69yo male visiting Cancun Feb or Mar '12. Opinions on what area to stay in. Looking for a clean, decent Hotel or BnB. Enjoy Corona but not much into the nite life scene. Thanks, Jim


----------



## jasavak (Nov 22, 2011)

Rent a timeshare for the best bang for your buck . Cancun is a tourist trap that costs a fortune . The ****** hotel zone is separated by miles from the city of Cancun .


----------



## abscissa (Apr 5, 2010)

I agree with jasavak Cancun is expensive ... if you want something more mexican and off beach we've stayed at

Hotel Plaza Caribe .. around 60 per night ... very nice, clean, across the street from ADO bus station

Hotel Tankah ... around 35 per night .. clean, comfort, but more mexican, close to the main market and good rest'ants near by


----------



## jasavak (Nov 22, 2011)

Actually , I was referring to the food , drink and entertainment . We find good bargains on Hotels . We paid $50 a night for a resort on the beach , but they charge $4 for a small glass of lemonade , $25 each for a pasta lunch , $5 for a local beer and more for dinner . Instead of half price , the prices for food are about twice as high as here in Texas . In other words , the prices in Cancun are more than triple than most other areas of Mexico .


----------



## RVGRINGO (May 16, 2007)

Resort locations can be fun to visit, we're in Puerto Vallarta today, but wouldn't want to live here because of those 2-4 times higher prices and the unbearable summer climate.
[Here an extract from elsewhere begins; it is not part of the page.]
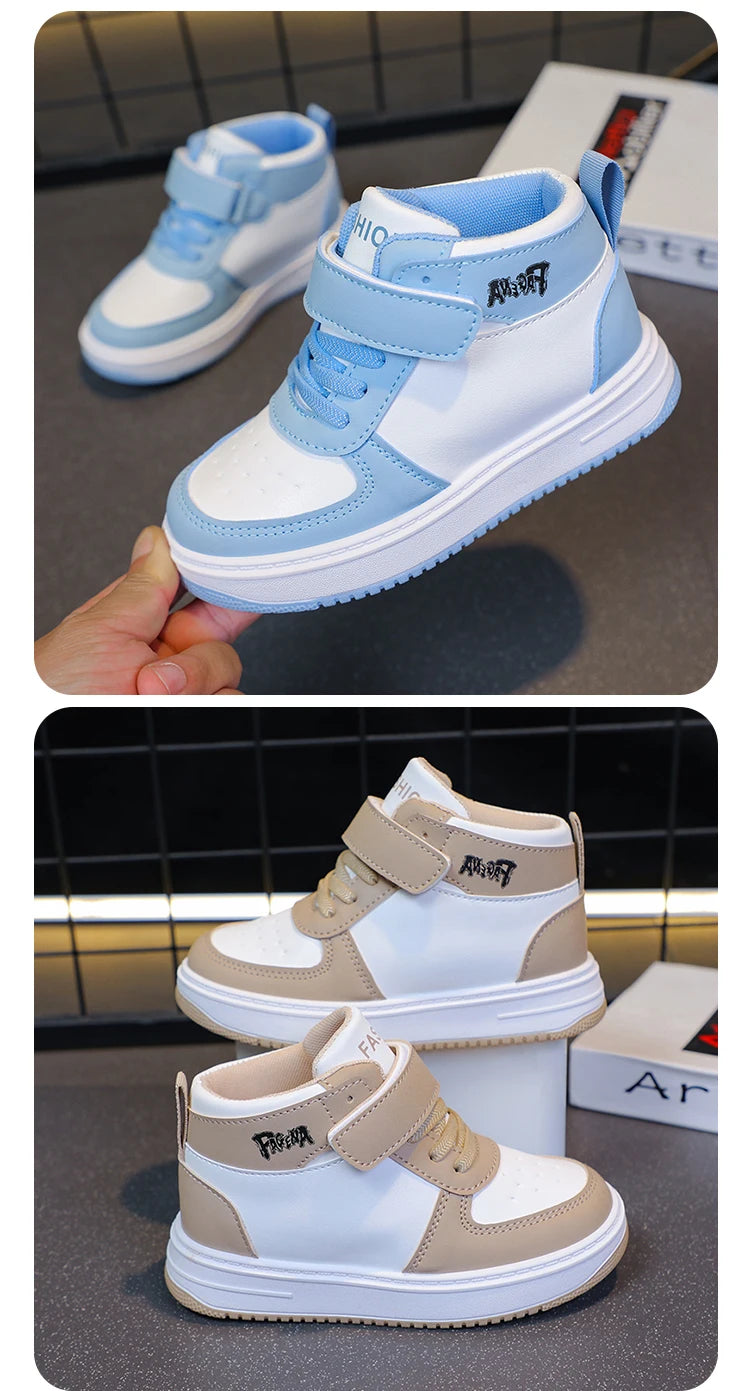Children's Sports Shoes Spring Autumn New Boys Girls Sneakers Classics High Top Soft Breatheable Fashion Kids Basketball Shoes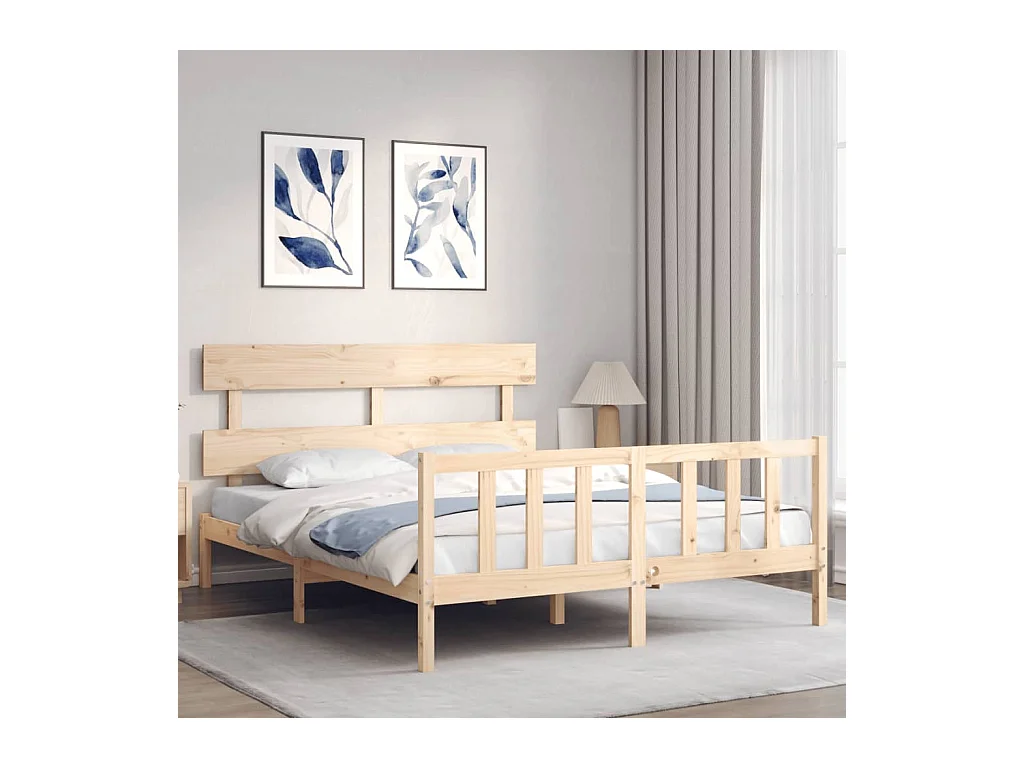Bedframe met hoofdbord massief hout 160x200 cm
Many coastal towns are really dead for the hot and humid six months.


----------



## abscissa (Apr 5, 2010)

jasavak said:


> Actually , I was referring to the food , drink and entertainment . We find good bargains on Hotels . We paid $50 a night for a resort on the beach , but they charge $4 for a small glass of lemonade , $25 each for a pasta lunch , $5 for a local beer and more for dinner . Instead of half price , the prices for food are about twice as high as here in Texas . In other words , the prices in Cancun are more than triple than most other areas of Mexico .


Again if you stay off beach and know where to go (area), prices are in peso's not USD, you can get 20 MXP beer and eat out (a good meal) for 2 for around 150 MXP


----------